Ağırdır, herkesin “umut yorgunu” olduğuna işaret ederek, “Bizim siyasi zeminimizde, partiler demokrat değil. Partilerin hiçbiri demokrat değil. HDP’yi tenzih ediyorum. Ötekileri biliyoruz ki 2023 seçimlerinde, 3 ay sonra Altılı Masa’daki altı lider, kendi 600 listesini yazacaklar. Devlet peki buradan nereye geldi. Toplum ve bireyin de eksiklikleri var. Hem kalkınma hem modernleşme, makbul yurttaş tanımlama ve makbul olmayanları kendine uydurma var. Bireyler de aynı şekilde ne kadar demokrasi anlayışı var. İnsanlarımız yurttaş olma konusunda gayretli değil. Kamusal alanda devletin daha güçlü olmasını isteyen, bireysel hayatına değmeyen bir devlete istiyorlar. Kimsenin demokrasi telaşı yok. Bir yandan da bütün bu hikayede küresel krizle karşı karşıyayız. Küresel ölçekte demokrasi kriziyle karşı karşıyayız” dedi.
‘EN GENİŞ UZLAŞMA ÜRETİLEBİLİR’
Demokrasi mücadelesinin katmanlı hale getirilmesi gerektiğinin altını çizen Ağırdır, şunları söyledi: “Daha derin, daha katmanlı bir demokrasi mücadelesi gerekiyor. Dünyadan da beslenen, karşılıklı birbirini çoğaltan bir durum var. Buradan nasıl çıkacağız? Bunun yolunu bulamazsak, meseleyi sadece bir var olma mücadelesi içinde direnme, itiraz mücadelesi olarak görürsek, sonuç alamıyoruz. Asıl bundan sonrasına bakmak gerekiyor. Önümüzde tarihi bir fırsat var. En geniş uzlaşmayı üretebilir, parlamentoda en geniş temsiliyeti sağlayabilirsek, bu bize yeniyi inşa etme şansı verebilir.”

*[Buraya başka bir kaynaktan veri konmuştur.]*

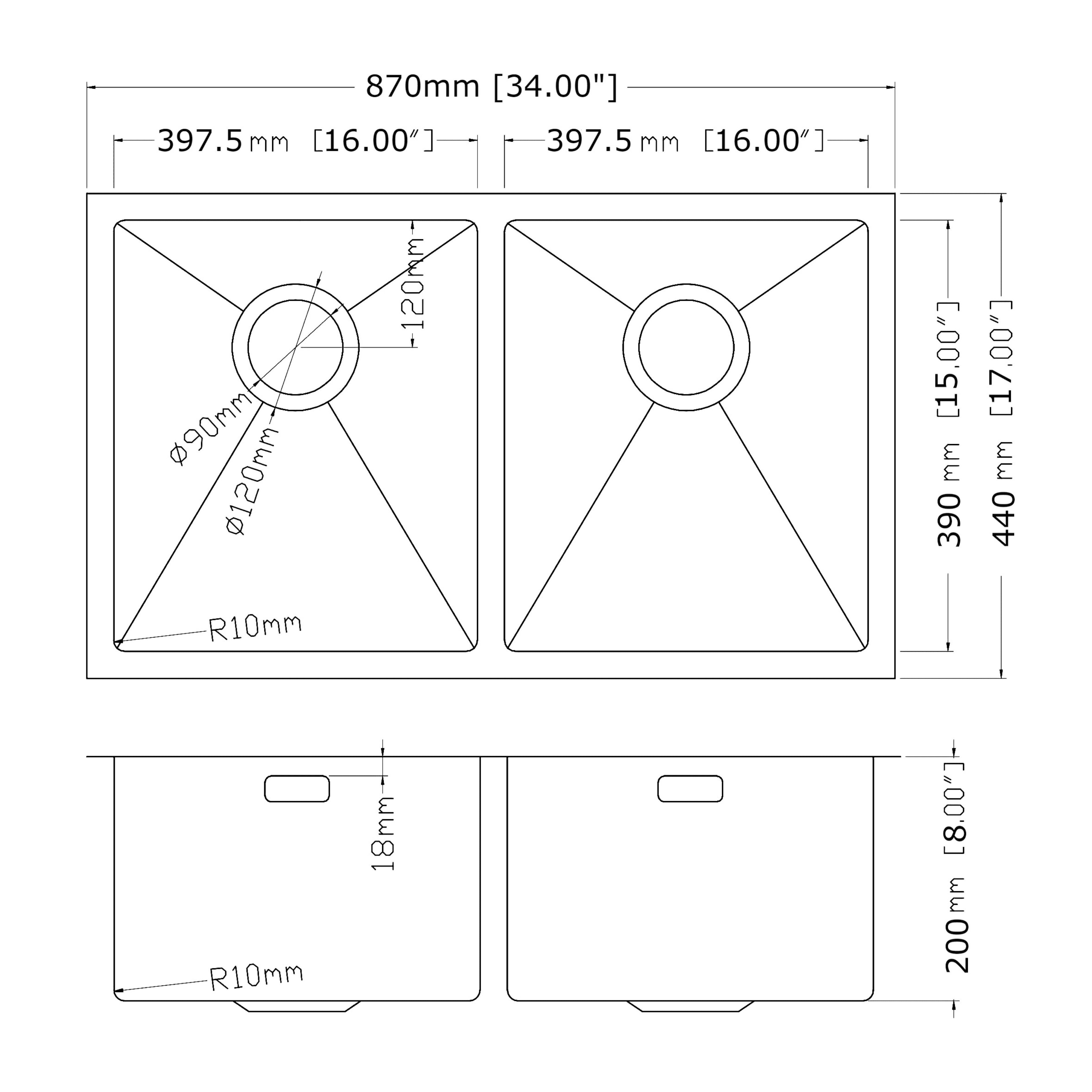 Double kitchen sink dimensions with detailed measurements in millimeters and inches.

‘GELECEK ÜZERİNDEN OYUN KURMALI’
Altılı Masa’nın 30 Ocak’ta açıkladığı ‘Ortak Politikalar Metni’ne yönelik eleştirilere değinen Ağırdır, “Altılı Masa mutabakat metni hazırladılar, Kürtler, emek hareketi, LGBTİ’ler yok. Belki de olmaması doğruydu. Altılı Masa kurucu meclis mi her şeyi onlardan bekliyoruz? Biz yeniyi inşa etmek için maksimum temsiliyeti sağlayalım. Gelecek üzerinden oyunu kurarsak, yol bulabiliriz. Bugünün pazarlıkları içinde kaldık, biraz da umut yorgunuyuz. Başka bir yol bulmamız lazım. Pratik olarak doğru bir yol bulmamız lazım. Bunlardan biri. Parlamentoda en geniş temsiliyet sağlamak. Temel olarak bir zihni devrime, kopuşa ihtiyaç var” şeklinde konuştu.

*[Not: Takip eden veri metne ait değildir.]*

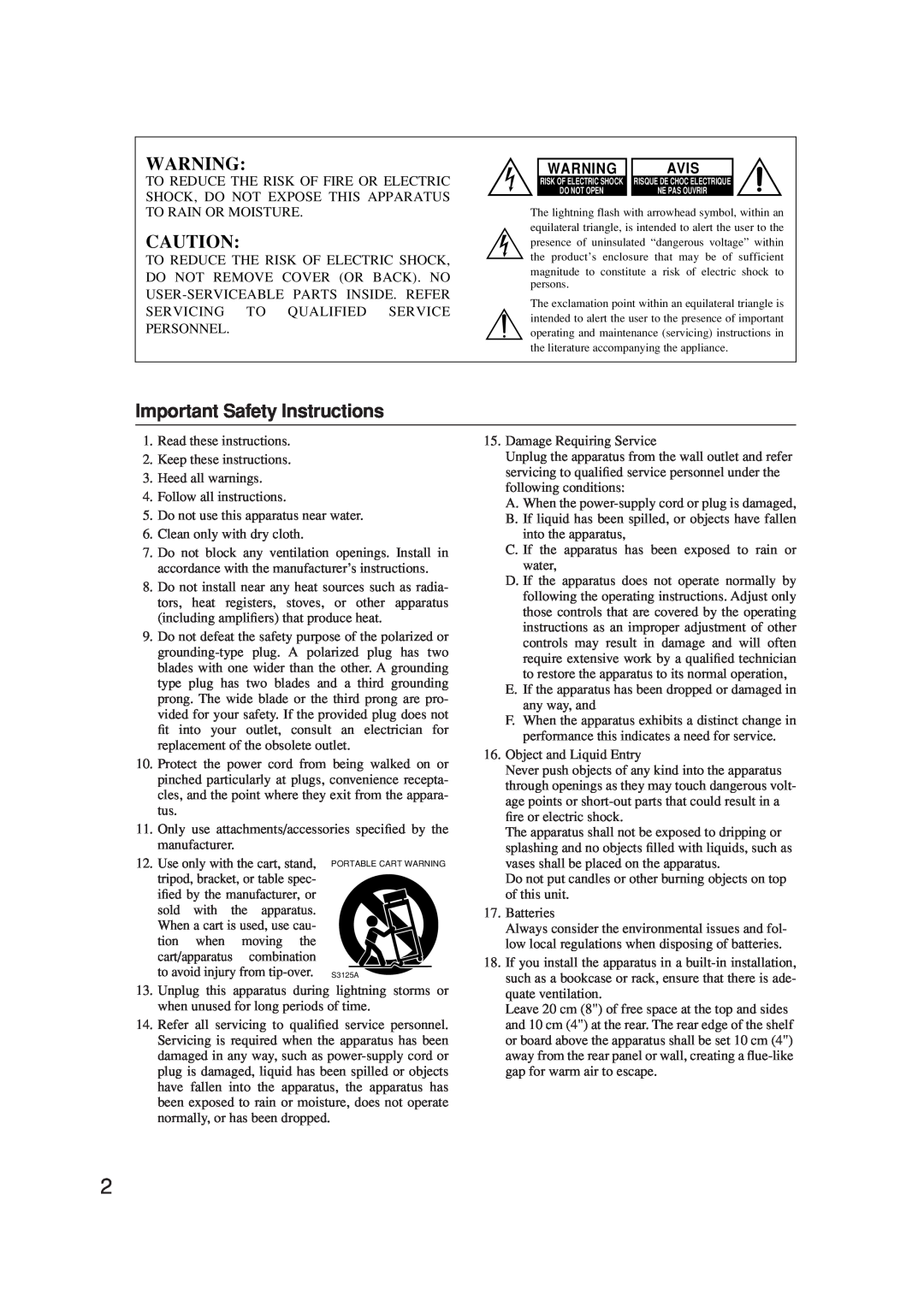 Onkyo A-9377 instruction manual Important Safety Instructions, Avis 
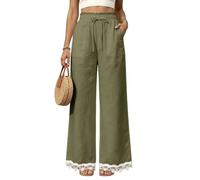 Womens Wide Leg Pants High Waist Drawstring Pockets Lace Trim Hem (Army Green,S)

‘ASIL HİKAYE PARLAMENTODA GERÇEKLEŞECEK’
“Yeni nasıl inşa edilir?” diye soran Ağırdır, “Biz bu salonda parlamento seçimleri için ne yapılması gerekeni örmeliyiz. Asıl hikaye parlamentoda gerçekleşecek. Kurucu meclis bu parlamento olacak. Taleplerimizin ne olduğunu, asıl yeniyi nasıl inşa edeceğimizi düşünmenin vaktidir. Türkiye toplumunda da demokrasi kültürü eksik. Sokakta güçlü bir devlet olsun isteyen bir toplum. Bir yandan da kendi deneyimledikleri var. Önümüzdeki tarihi fırsatı yaratan da şu; bütün siyasal kutuplaşma meselesi, kimliğine, partisine aşık meselesinde bir aşınma var. Ortada gerçek sorunlar var. Kimliklerin soyut anlatıları artık eskisi kadar güçlü değil. Toplumsal cinsiyet üzerine farkındalık var. O farkındalığı gayrette çevirecek siyasette eksiklik var. Önümüzdeki süreci demokrasi hareketi heyecanıyla yaşamıyoruz. Herkes kaygılı, ‘biz de buraya dahil olacak mıyız?’ üzerinden meşgul. Bunu aşmamız gerekiyor” dedi.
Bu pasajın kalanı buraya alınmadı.